(Short descriptive text snippets)
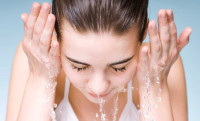 Best Face Wash for Sensitive Skin & Skincare Tips for the Summer-Rainy Season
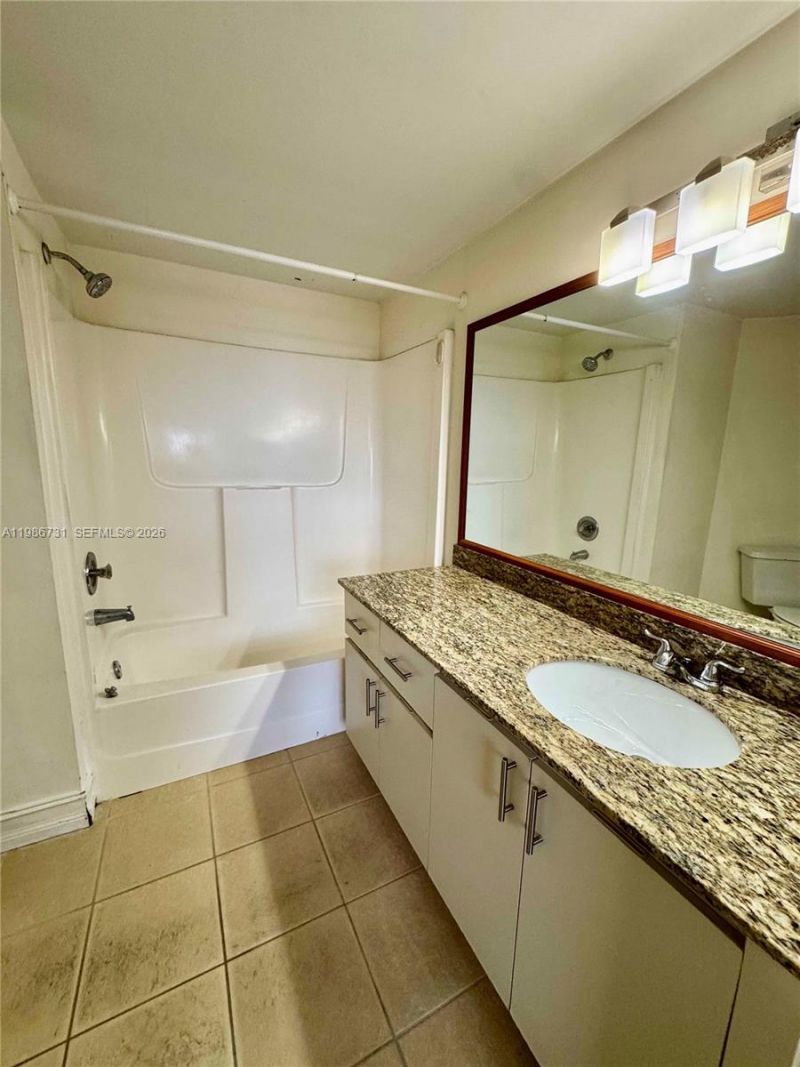 9731 Fontainebleau Blvd, Unit F306, Miami, FL 33172 Photo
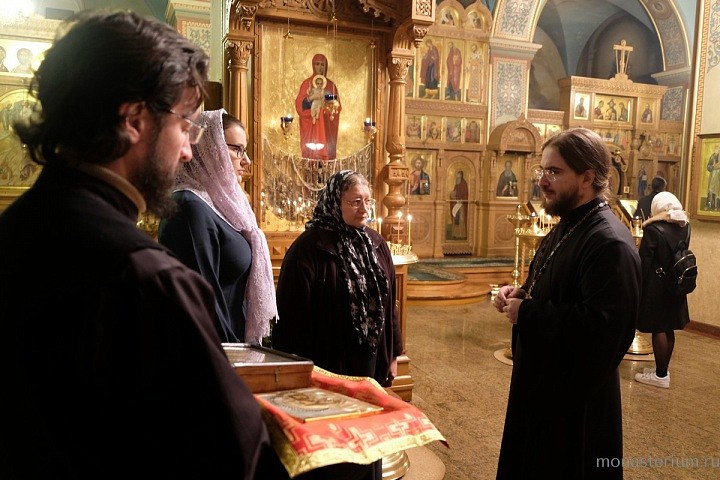 В конце молебна отец Иосиф возгласил «Многая лета» всем, кто принимал непосредственное участие в создании экспозиции, 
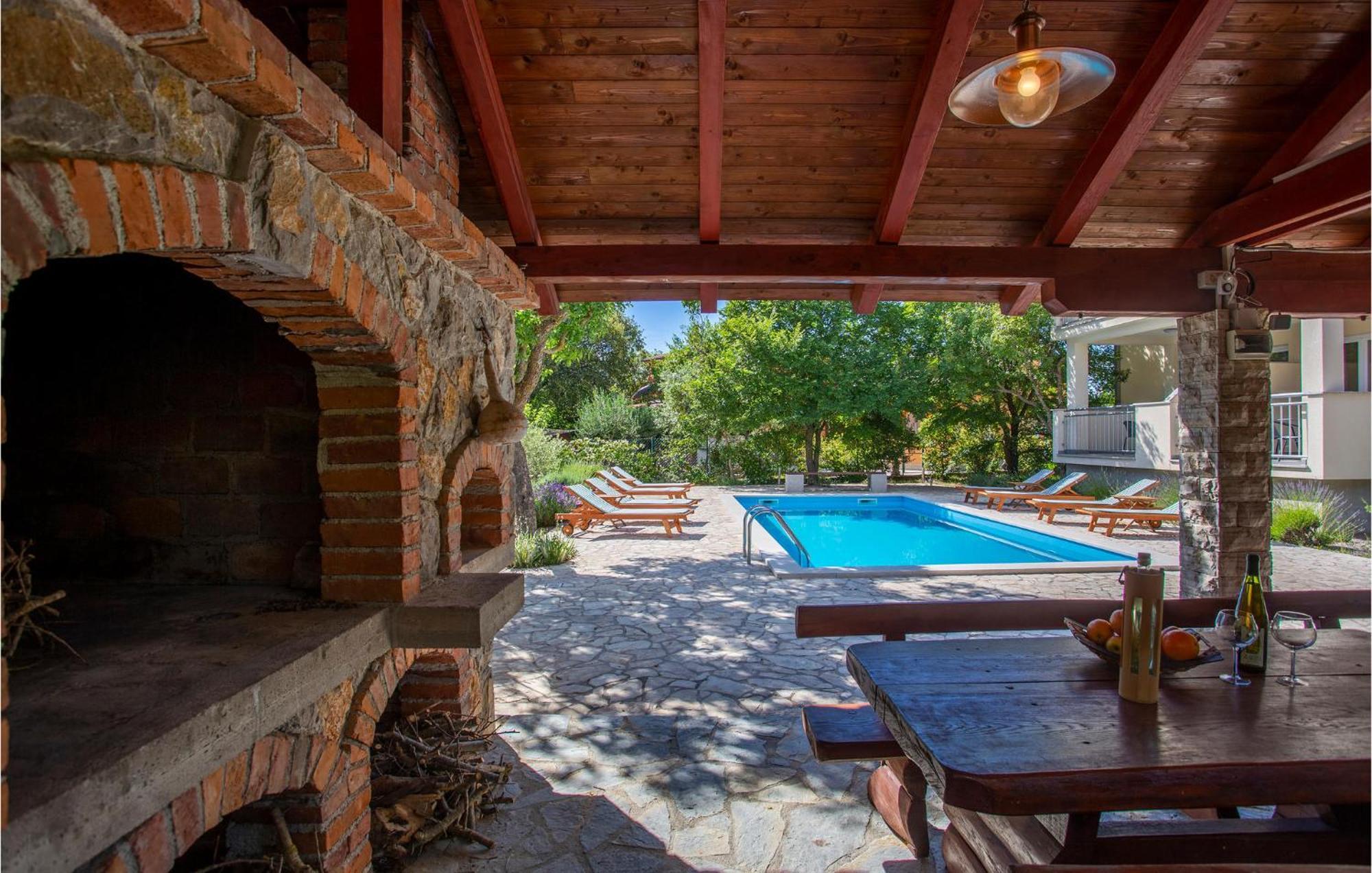Beautiful Apartment In Pinezici With Wifi Экстерьер фото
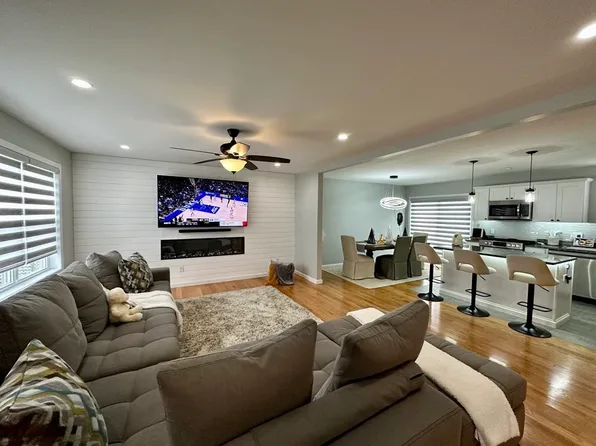 353 County St, Fall River, MA 02723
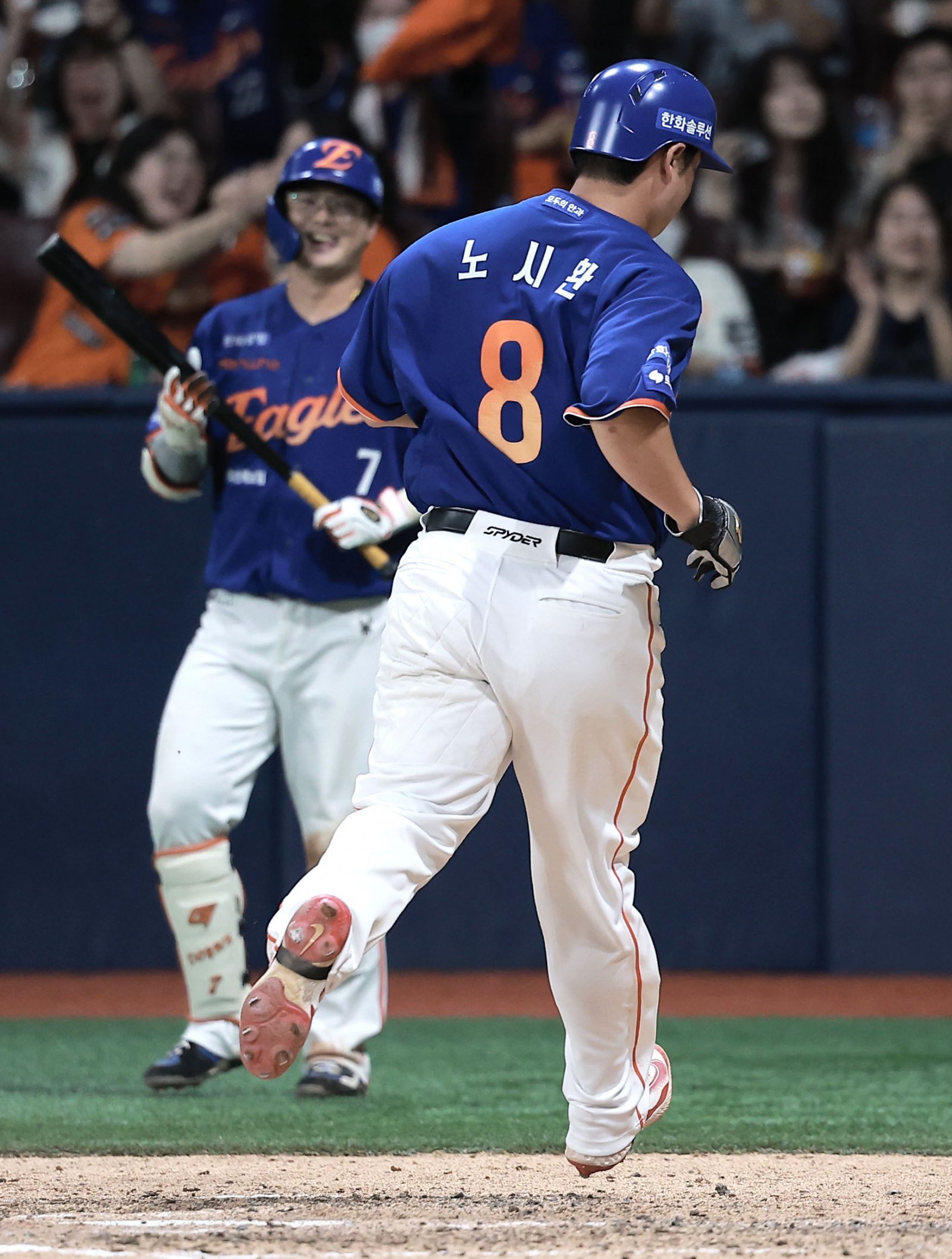 한화 노시환(오른쪽)이 6일 고척 스카이돔에서 열린 키움전 9회초 1사 1, 3루 상황에서 전준표의 폭투가 나오자 재빨리 홈을 파고들어 득점에 성공하고 있다. 고척｜뉴시스
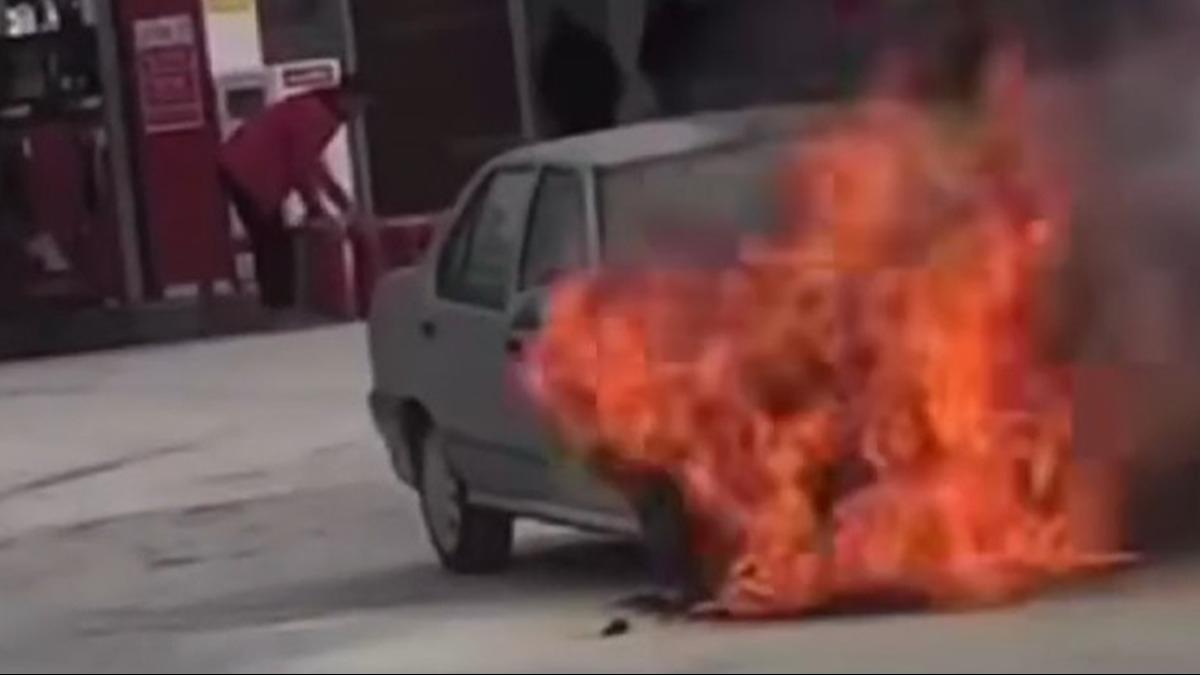 Kayseri'de benzinlikte korkutan olay: Otomobil alev topuna dnd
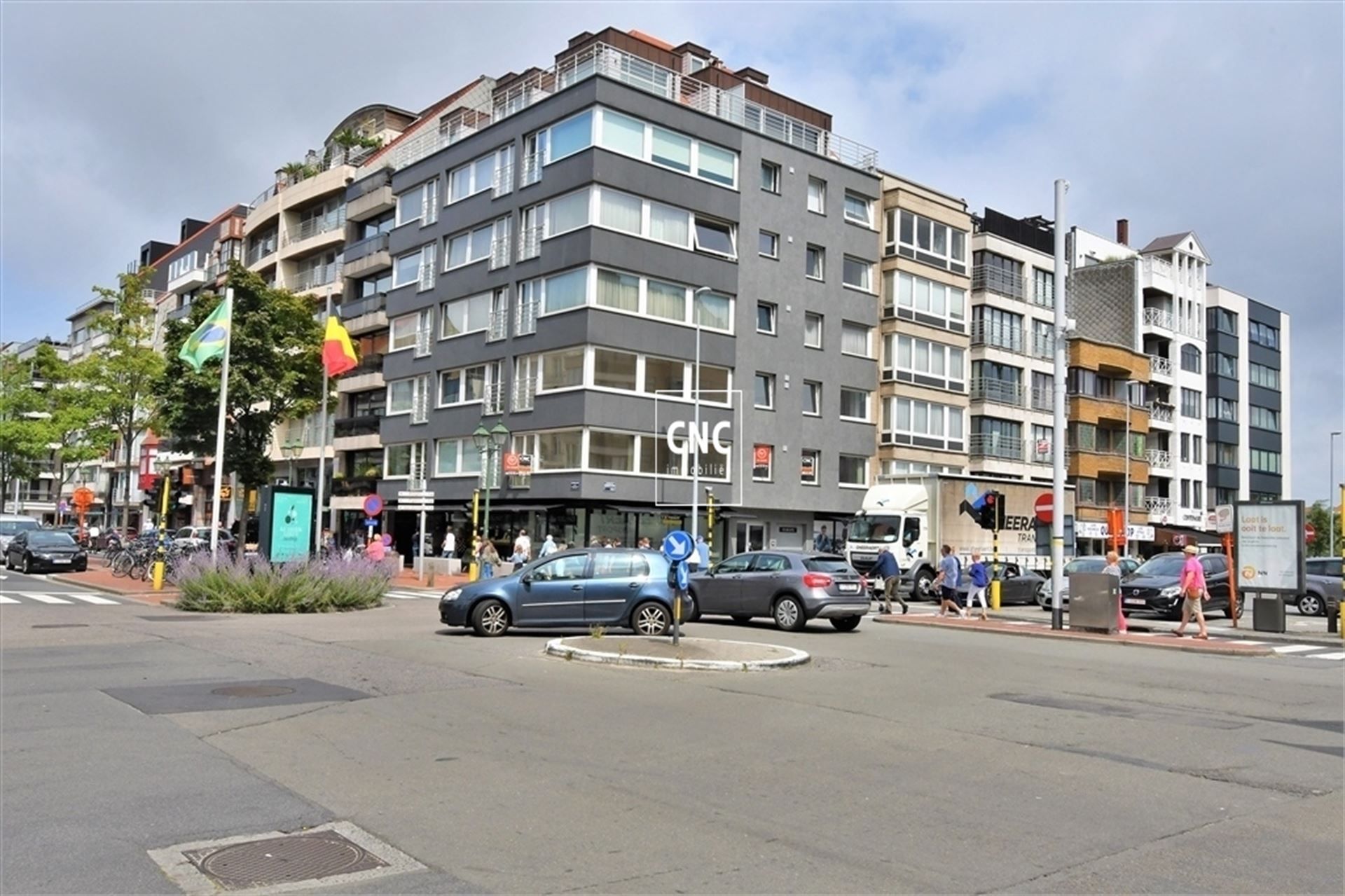 Zonnig hoekappartement op de Burgemeester Frans Desmidtplein foto 4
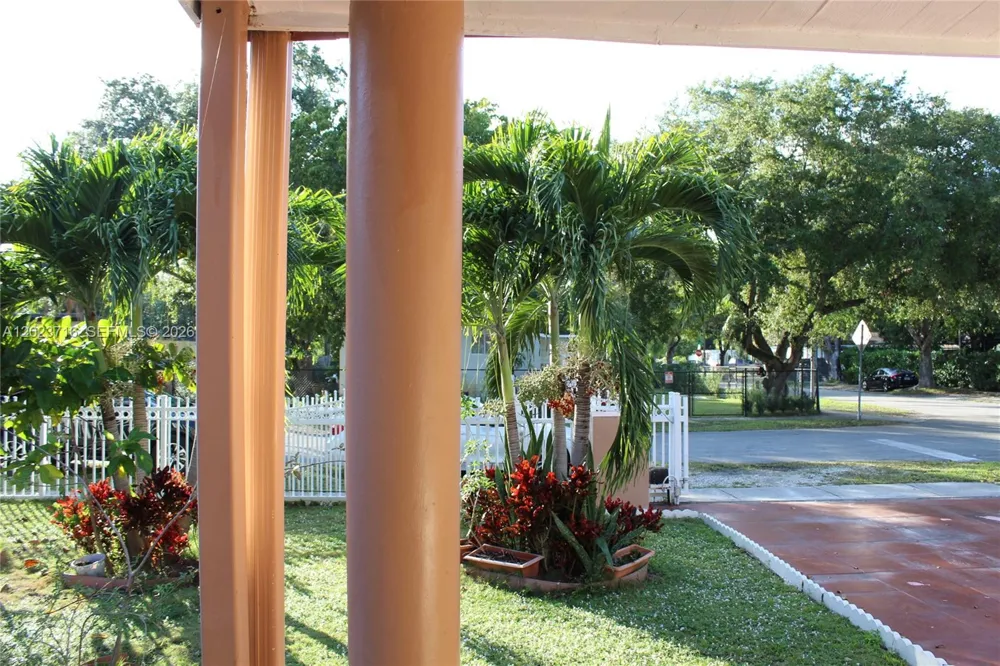 13875 NE 16th Ct North Miami, FL 33181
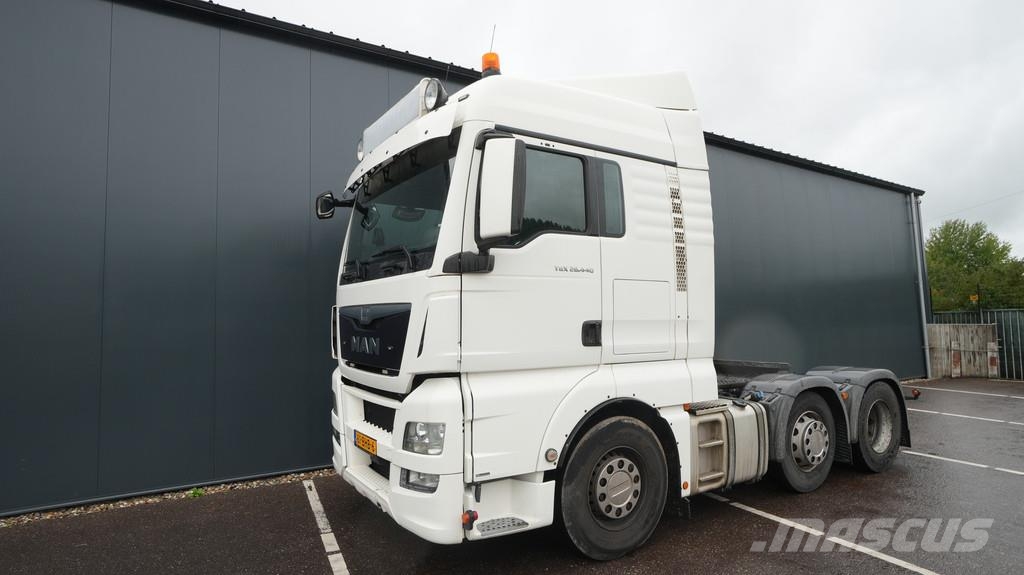 MAN TGX 26.440 6X2 406.200KM Trekkvogner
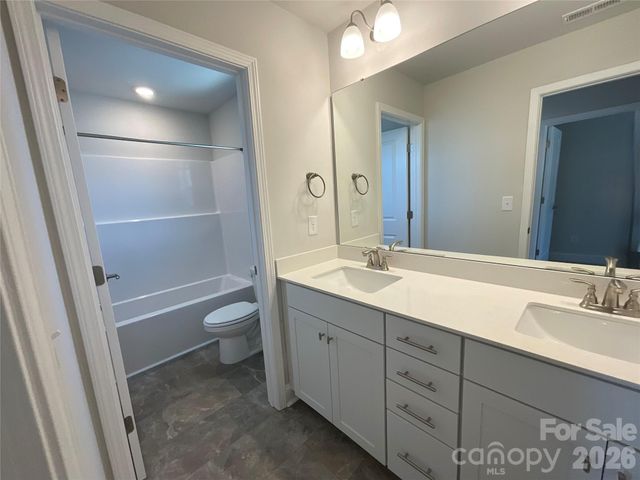 717 Inwood Hill Drive 95, Gastonia, NC 28056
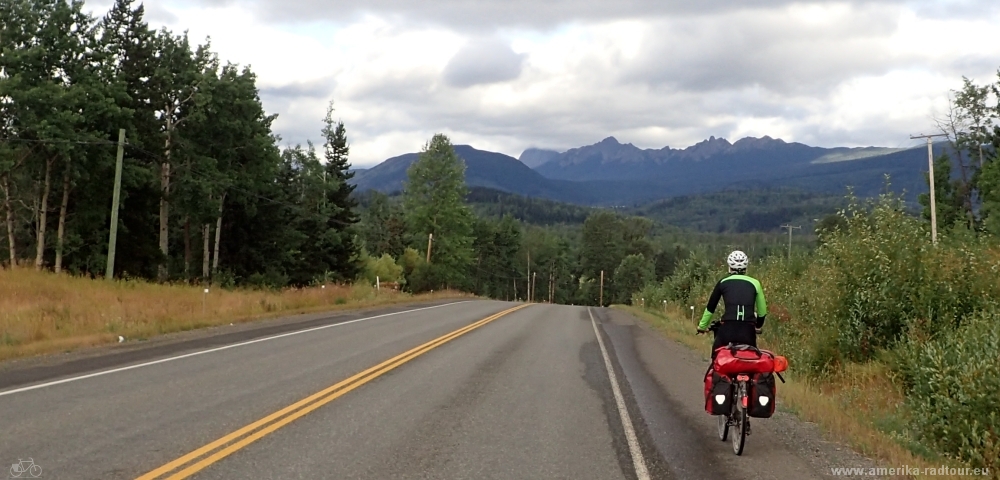 Cycling from Smithers, British Columbia to Whitehorse, Yukon. Stage 01: Smithers - New Hazelton.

● **Work item**
Please output each line above exactly and omit all images.

● **Output for this task**
 Best Face Wash for Sensitive Skin & Skincare Tips for the Summer-Rainy Season
 9731 Fontainebleau Blvd, Unit F306, Miami, FL 33172 Photo
 В конце молебна отец Иосиф возгласил «Многая лета» всем, кто принимал непосредственное участие в создании экспозиции, 
Beautiful Apartment In Pinezici With Wifi Экстерьер фото
 353 County St, Fall River, MA 02723
 한화 노시환(오른쪽)이 6일 고척 스카이돔에서 열린 키움전 9회초 1사 1, 3루 상황에서 전준표의 폭투가 나오자 재빨리 홈을 파고들어 득점에 성공하고 있다. 고척｜뉴시스
 Kayseri'de benzinlikte korkutan olay: Otomobil alev topuna dnd
 Zonnig hoekappartement op de Burgemeester Frans Desmidtplein foto 4
 13875 NE 16th Ct North Miami, FL 33181
 MAN TGX 26.440 6X2 406.200KM Trekkvogner
 717 Inwood Hill Drive 95, Gastonia, NC 28056
 Cycling from Smithers, British Columbia to Whitehorse, Yukon. Stage 01: Smithers - New Hazelton.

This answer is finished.